How to navigate indirect compensation relationships
How to navigate indirect compensation relationships
Few areas of the final Stark II regulations are as vexing as the indirect compensation requirements. When it comes to assessing the indirect compensation relationship, health care attorney Sandy Teplitzky of Ober Kaler in Baltimore says providers should anticipate that, if there is a physician and an entity, there is an indirect compensation relationship. "Save yourself the time of analyzing the details of that relationship," he asserts. "Just look at whether the components of that relationship constitute fair-market value."
The indirect compensation arrangement has three elements, Teplitzky explains. The first component is an unbroken chain of relationships between the physician and the entity providing this service. That chain can include compensation relationships as well as ownership relationships.
If a physician has a direct contract with the hospital to provide medical services, that is a direct financial relationship, Teplitzky says. Under the final regulations published in January, however, if the contract is between the hospital and doctor’s physician corporation (PC) rather than the doctor, it is an indirect compensation relationship. Finally, if the hospital has a contract between itself and the group practice rather than the individual doctors, it also is considered an indirect compensation relationship.
Teplitzky says HHS reportedly is giving serious consideration to amending that definition so that if that the physician is the only physician in the corporation, it would constitute a direct compensation relationship. "In other words, if the doctor is in a solo PC and the contract is with the PC, it would be treated as a direct relationship, not an indirect relationship," he explains.
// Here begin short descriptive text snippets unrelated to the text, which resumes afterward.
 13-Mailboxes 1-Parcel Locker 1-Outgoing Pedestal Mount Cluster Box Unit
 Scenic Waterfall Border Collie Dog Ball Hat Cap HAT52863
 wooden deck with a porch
Second, the compensation does not vary by the volume or value of referrals by physician. "With respect to this element, what the government says is that if the closest relationship to the physician is an ownership relationship, ignore it," Teplitzky says. Providers then should move one step closer to the entity providing the designated service and look at that relationship. If it is a compensation relationship, that is the one you analyze, but if it is another ownership interest, move to the next level. "Walk your way down the line until you get to a compensation relationship," he explains.
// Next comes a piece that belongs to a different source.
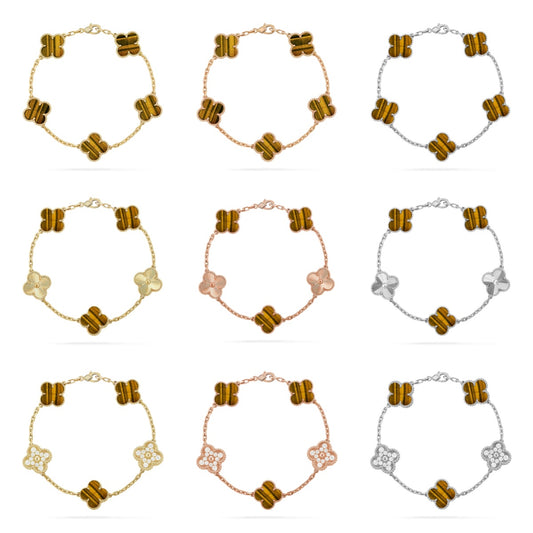 [Mystic] CLOVER 5 MOTIFS TIGER EYE BRACELET COLLECTION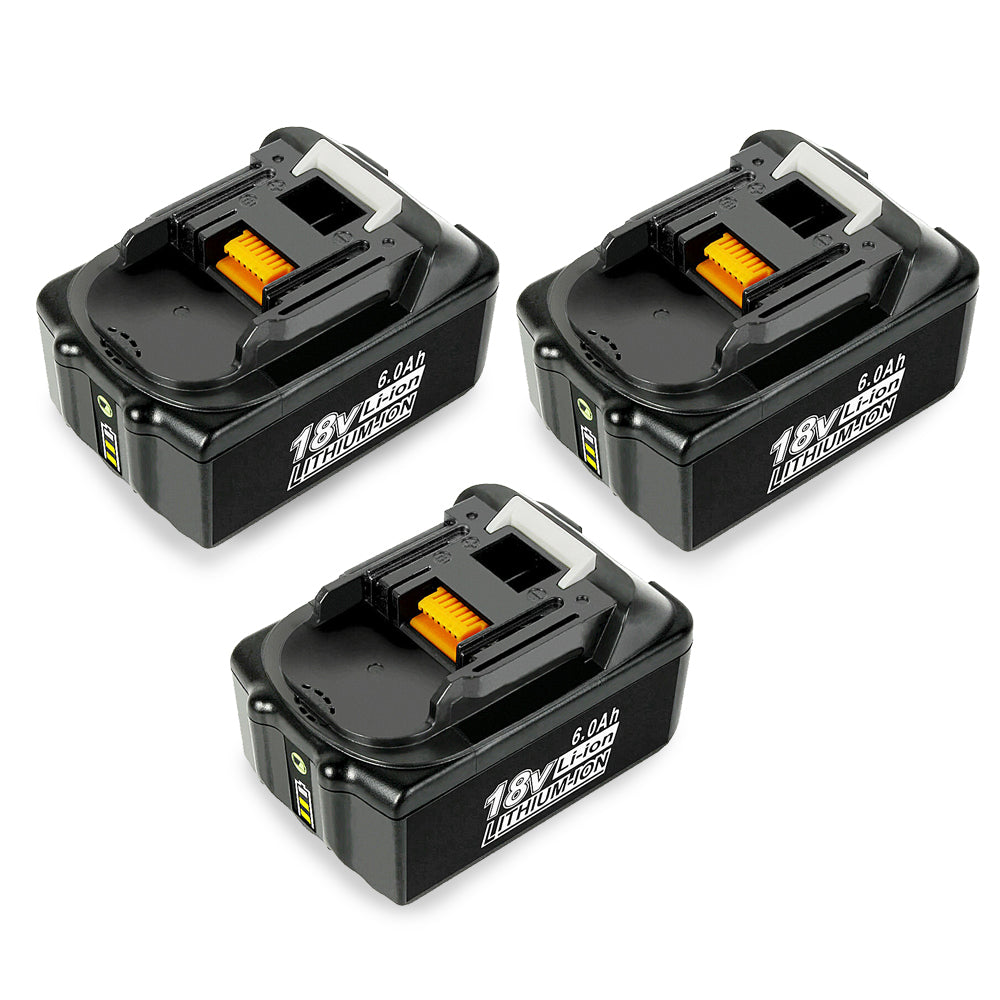 For Makita 18V Battery Replacement With LED Indicator | BL1860B BL1840 BL1850 BL1830 18V 6.0Ah Li-ion Battery 3 Pack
The third element is that the provider of designated health services is aware of the fact that compensation to the physician varies by the volume or value of physician referrals. If providers determine there is an indirect compensation relationship, there is an exception that offers considerable relief, Teplitzky adds.
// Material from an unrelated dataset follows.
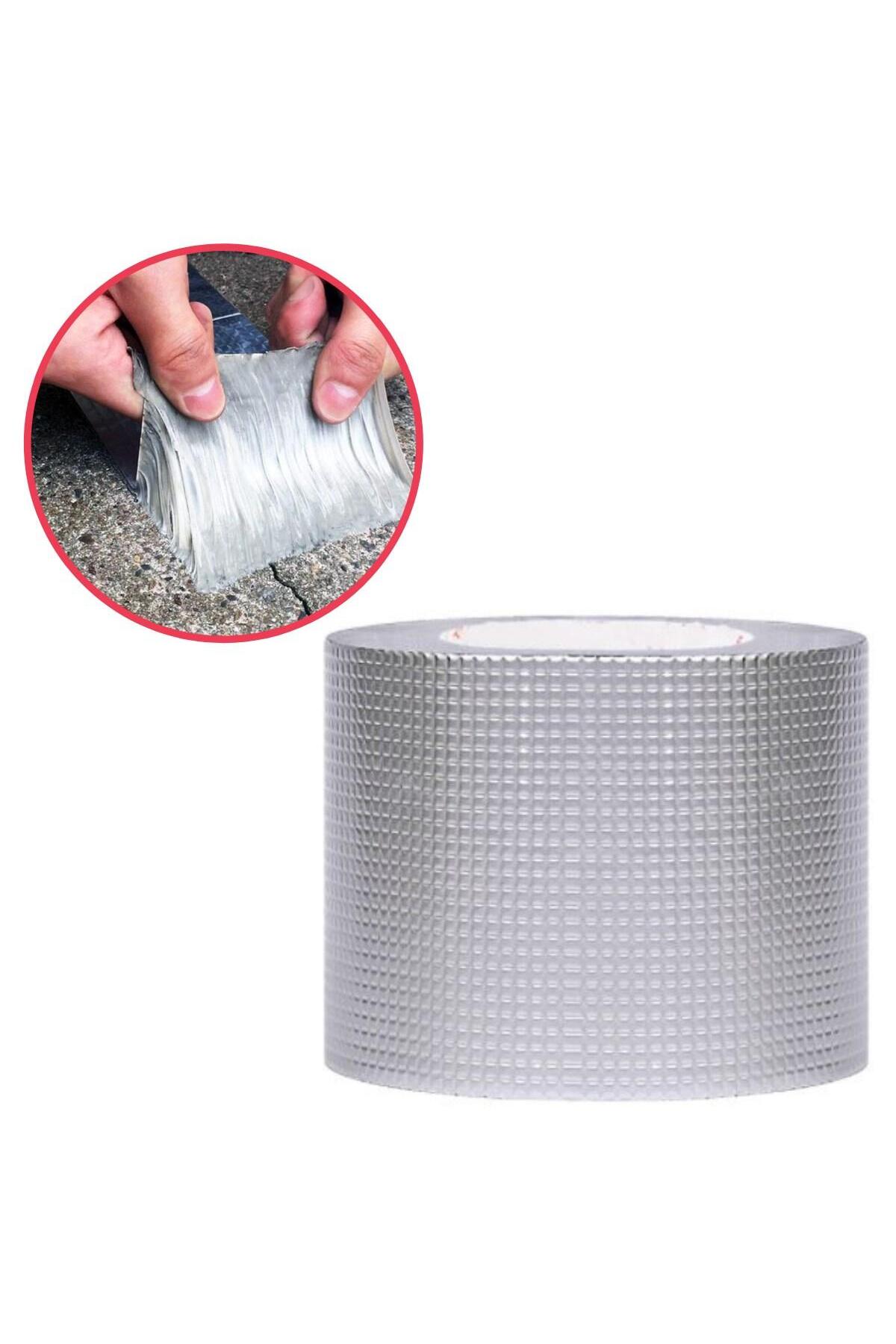 OZKUVVET Folyo Kauçuk Bant Yapışkanlı Su Geçirmez Çatı Boru Tamir Bandı (2Metre x 10 Cm)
The exception generally applies if compensation is at fair-market value without taking into account the volume or value of referrals. "It need not be set in advance," he adds. Every other exception involving payment for services, such as a physician service agreement or a lease of space, was fixed in advance.
That means per-service or per-use arrangements are acceptable under the indirect compensation relationship, where they would not be acceptable under the personal service exception or the fair-market value exception, he says. But percentage arrangements are not acceptable.
As much as this area of Stark causes distress, he concludes, providers must try to figure out whether they have an indirect relationship or not and then look to the exception that actually provides an additional benefit.